First off, thank you for all your contributions to Python!

I completely take your point that there are many places where this approach won't fit. It was a surprise for me to trace the performance issue to allocations and GC, specifically because it is rare.

WRT boxing and unboxing, I'd imagine it depends on access patterns primarily - given I was extracting a small portion of data from the AST only once each, it was a good fit. But I can imagine that the boxing and unboxing could be a net loss for more read-heavy use cases.

jhylton|1 year ago

You could create a custom C type that wrapped an arbitrary AST node and dynamically created values for attributes when you accessed them. The values would also be wrappers around the next AST node, and they could generate new AST nodes on writes. Python objects would be created on traversal, but each one would be smaller. It wouldn’t use Python lists to handle repeated fields It seems like a non-trivial implementation, but not fundamentally hard.

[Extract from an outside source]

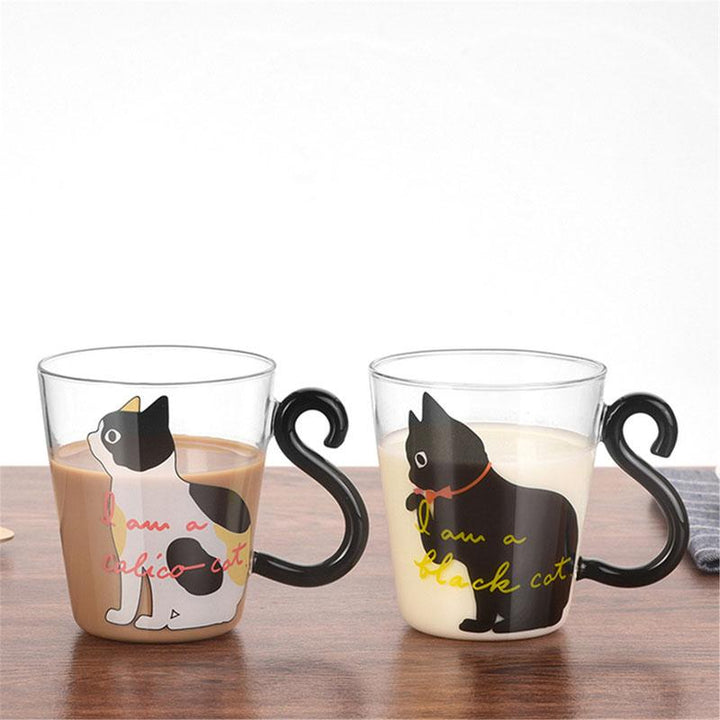 Meow - Glass Cat Mug | Skanto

The analogy with numpy doesn’t seem quite right, as Raymond observes, because numpy depends on lots of builtin operations that operate on the underlying data representation. We don’t have any such code for the AST. You’ll still want to write Python code to traverse, inspect, and modify the AST.

coldtea|1 year ago

>However, the conclusion is debatable. Not everyone has this problem. Not everyone would benefit from the same solution.

Everyone would benefit from developers being more performance minded and not doing uneccesarry work though! Especially Python who has long suffered with performance issues.

Love your work btw!

BiteCode_dev|1 year ago

No. Days only 24h. If you focus on perfs, you leave something else.

Python is python because people cared about other things for many years.